Motor mice: A drug being tested for Rett syndrome does not improve performance on the rotarod in a mouse model of the disorder.

Motor mice: A drug being tested for Rett syndrome does not improve performance on the rotarod in a mouse model of the disorder.

Mouse studies of a promising treatment for Rett syndrome, already in clinical trials, offer a note of caution about the drug’s potential. Preliminary findings from the research, presented Sunday at the Society for Neuroscience annual meeting in New Orleans, show why mouse work remains important even after clinical trials are underway.

A second study, also presented Sunday, shows that a different form of the same drug is harmful to mice at high doses.

Rett syndrome is caused by mutations in the MeCP2 gene, and primarily affects girls. It is characterized by repetitive hand movements, motor deficits, respiratory problems and features of autism.

Researchers at Children’s Hospital Boston are conducting a clinical trial of insulin-like growth factor 1 (IGF-1) for treating Rett syndrome. The same form and dose of IGF-1 being used in the trial only partially reverses symptoms of Rett syndrome in a mouse model of the disorder, according to one of the new studies.

Researchers led by Mriganka Sur, professor of neuroscience at the Massachusetts Institute of Technology, administered daily injections of IGF-1 to the mutant mice, beginning when the animals were 14 days old (equivalent to a prepubescent girl in terms of IGF-1 levels).

Sur’s group designed the study in collaboration with the clinical trial team, in part to help interpret the trial results. Researchers can study how the drug works at a molecular level in mice in a way they can’t in people.

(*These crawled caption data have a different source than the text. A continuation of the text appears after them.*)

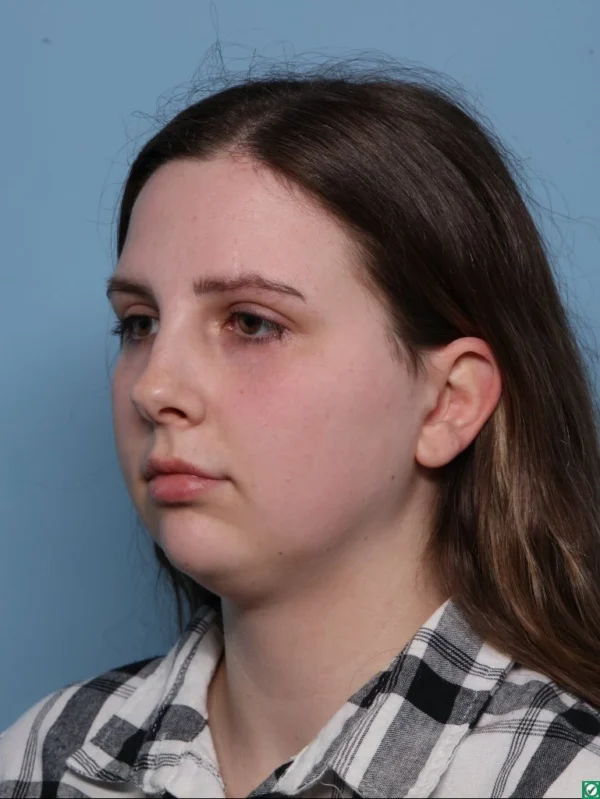 Chin Augmentation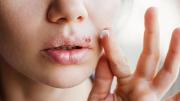 Herpes labial: expertos revelaron los desencadenantes y las claves para controlar los brotes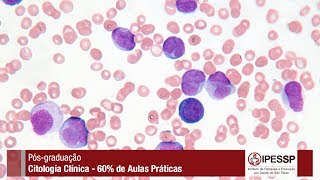 Pós Graduação em Citologia Clínica  60 de aulas práticas [upl. by Haleemaj507]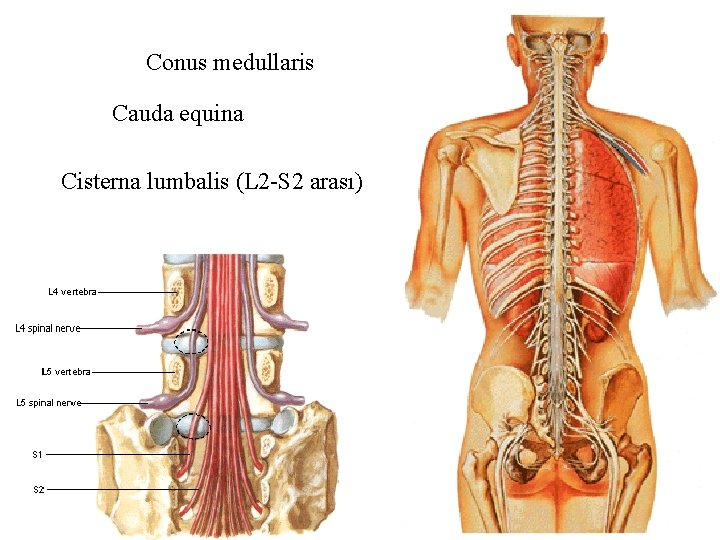 Conus medullaris Cauda equina Cisterna lumbalis (L 2 -S 2 arası) 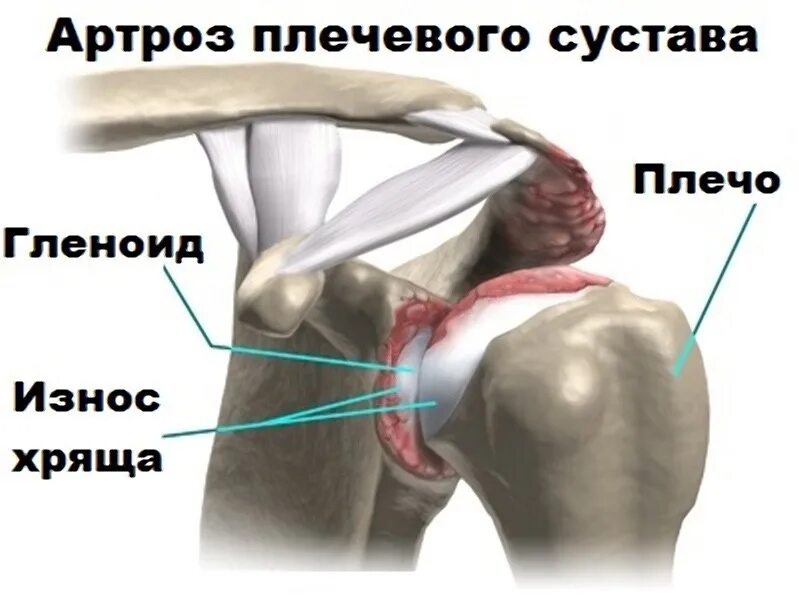 Гленоид плечевого сустава. Суставная фиброзно-хрящевая губа гленоида. Фиброзно хрящевая губа гленоида лопатки. Фиброзно-хрящевая губа гленоида плечевого сустава. Разрыв губы гленоида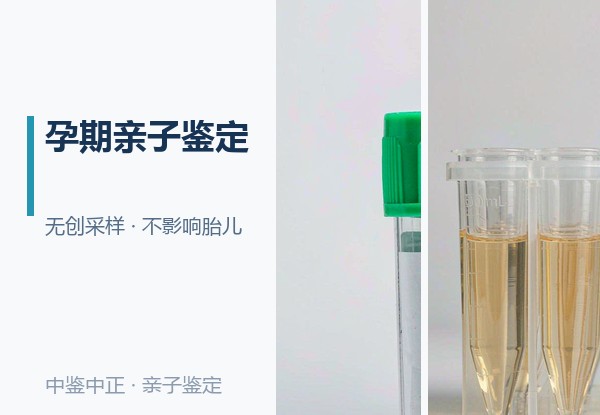 河南胎儿亲子鉴定机构在哪里有,河南孕期亲子鉴定预约流程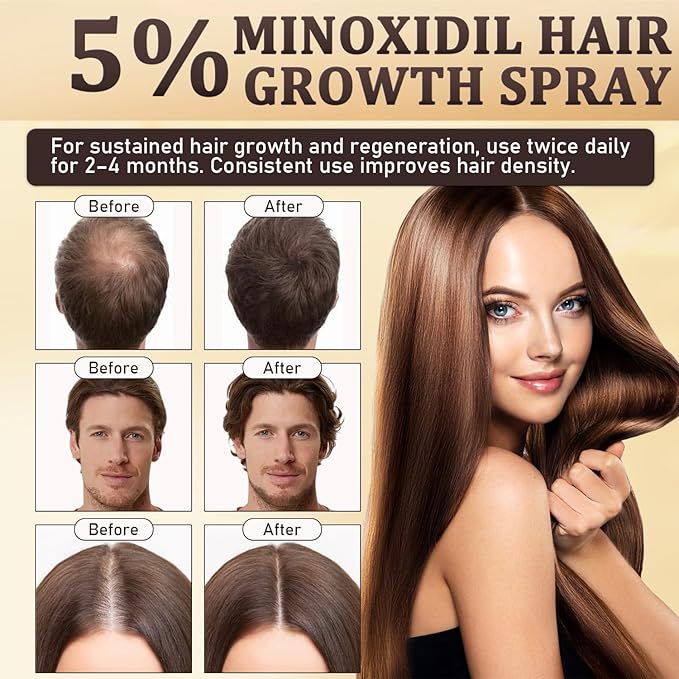 5% Minoxidil for Men & Women - Hair Growth & Beard Regrowth Biotin Serum with Rosemary & Batana Extract, Extra Strength Hair Loss Treatment to Regrow Thicker & Fuller Hair, 3.38 Oz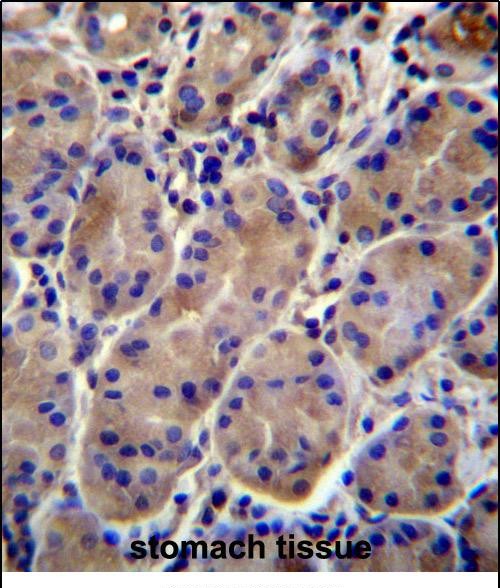 14 - KCNJ13 Antibody (N-term) AP12387a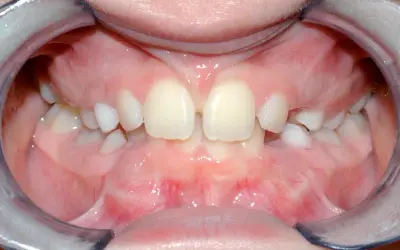 Bocca aperta con denti da latte e il frenulo labiale superiore visibile tra gli incisivi centrali.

The researchers found that IGF-1 restores the function of synapses, the junctions between neurons, that are disrupted in mice lacking MeCP2. It significantly improves breathing and heart function in the animals, and lengthens their lifespan compared with untreated mutants. But it doesn’t improve their performance on the rotarod, a test of motor coordination and learning.

Incomplete effects:

The partial recovery is not entirely surprising, says Jorge Castro, a postdoctoral researcher in Sur’s lab who presented the poster. “The brain has a very heterogeneous distribution of IGF-1 receptors,” he says, so the molecule is unlikely to have equally powerful effects everywhere in the brain.

Overall though, the results raise hope that IGF-1 will help treat Rett syndrome. “It suggests an increase in the quality of life for the girls, but maybe not a complete recovery,” Castro says.

Still, the results are somewhat deflating after the intense excitement surrounding early studies of IGF-1, others say.

Sur led a 2009 study showing that the IGF-1 ‘tripeptide,’ an abbreviated form of the molecule that consists of just three amino acids, dramatically — though still not fully — reverses symptoms of Rett syndrome in mice lacking MeCP21.

The researchers launched the clinical trial with the full-length version of IGF-1, consisting of 70 amino acids, because it is already approved as a treatment for short stature.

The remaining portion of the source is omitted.